_Task instructions:_ Set the listing down once more, exactly as given.

BEGIN Raw data

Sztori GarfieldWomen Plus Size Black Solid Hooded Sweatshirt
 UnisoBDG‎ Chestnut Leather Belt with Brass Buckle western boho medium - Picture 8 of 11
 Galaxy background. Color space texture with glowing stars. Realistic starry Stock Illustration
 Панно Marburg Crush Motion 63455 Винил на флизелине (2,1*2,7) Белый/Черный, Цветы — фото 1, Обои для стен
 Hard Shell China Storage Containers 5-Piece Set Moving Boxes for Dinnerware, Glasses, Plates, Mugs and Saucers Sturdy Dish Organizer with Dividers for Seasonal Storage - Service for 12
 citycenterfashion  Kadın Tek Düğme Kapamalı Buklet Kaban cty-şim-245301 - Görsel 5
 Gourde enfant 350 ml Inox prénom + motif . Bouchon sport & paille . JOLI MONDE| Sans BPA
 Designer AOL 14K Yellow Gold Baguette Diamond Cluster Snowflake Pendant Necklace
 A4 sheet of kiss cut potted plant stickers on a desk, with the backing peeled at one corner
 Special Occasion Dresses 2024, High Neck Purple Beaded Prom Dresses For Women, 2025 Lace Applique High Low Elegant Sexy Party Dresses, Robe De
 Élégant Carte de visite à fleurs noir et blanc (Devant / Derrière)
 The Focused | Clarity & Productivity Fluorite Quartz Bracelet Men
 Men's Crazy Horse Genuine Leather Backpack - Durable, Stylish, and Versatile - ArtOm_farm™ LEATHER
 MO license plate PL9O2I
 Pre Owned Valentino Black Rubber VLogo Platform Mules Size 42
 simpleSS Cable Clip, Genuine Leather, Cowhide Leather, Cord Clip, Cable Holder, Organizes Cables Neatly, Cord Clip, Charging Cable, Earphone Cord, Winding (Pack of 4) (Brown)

END Raw data

_Result of this task:_
Sztori GarfieldWomen Plus Size Black Solid Hooded Sweatshirt
 UnisoBDG‎ Chestnut Leather Belt with Brass Buckle western boho medium - Picture 8 of 11
 Galaxy background. Color space texture with glowing stars. Realistic starry Stock Illustration
 Панно Marburg Crush Motion 63455 Винил на флизелине (2,1*2,7) Белый/Черный, Цветы — фото 1, Обои для стен
 Hard Shell China Storage Containers 5-Piece Set Moving Boxes for Dinnerware, Glasses, Plates, Mugs and Saucers Sturdy Dish Organizer with Dividers for Seasonal Storage - Service for 12
 citycenterfashion  Kadın Tek Düğme Kapamalı Buklet Kaban cty-şim-245301 - Görsel 5
 Gourde enfant 350 ml Inox prénom + motif . Bouchon sport & paille . JOLI MONDE| Sans BPA
 Designer AOL 14K Yellow Gold Baguette Diamond Cluster Snowflake Pendant Necklace
 A4 sheet of kiss cut potted plant stickers on a desk, with the backing peeled at one corner
 Special Occasion Dresses 2024, High Neck Purple Beaded Prom Dresses For Women, 2025 Lace Applique High Low Elegant Sexy Party Dresses, Robe De
 Élégant Carte de visite à fleurs noir et blanc (Devant / Derrière)
 The Focused | Clarity & Productivity Fluorite Quartz Bracelet Men
 Men's Crazy Horse Genuine Leather Backpack - Durable, Stylish, and Versatile - ArtOm_farm™ LEATHER
 MO license plate PL9O2I
 Pre Owned Valentino Black Rubber VLogo Platform Mules Size 42
 simpleSS Cable Clip, Genuine Leather, Cowhide Leather, Cord Clip, Cable Holder, Organizes Cables Neatly, Cord Clip, Charging Cable, Earphone Cord, Winding (Pack of 4) (Brown)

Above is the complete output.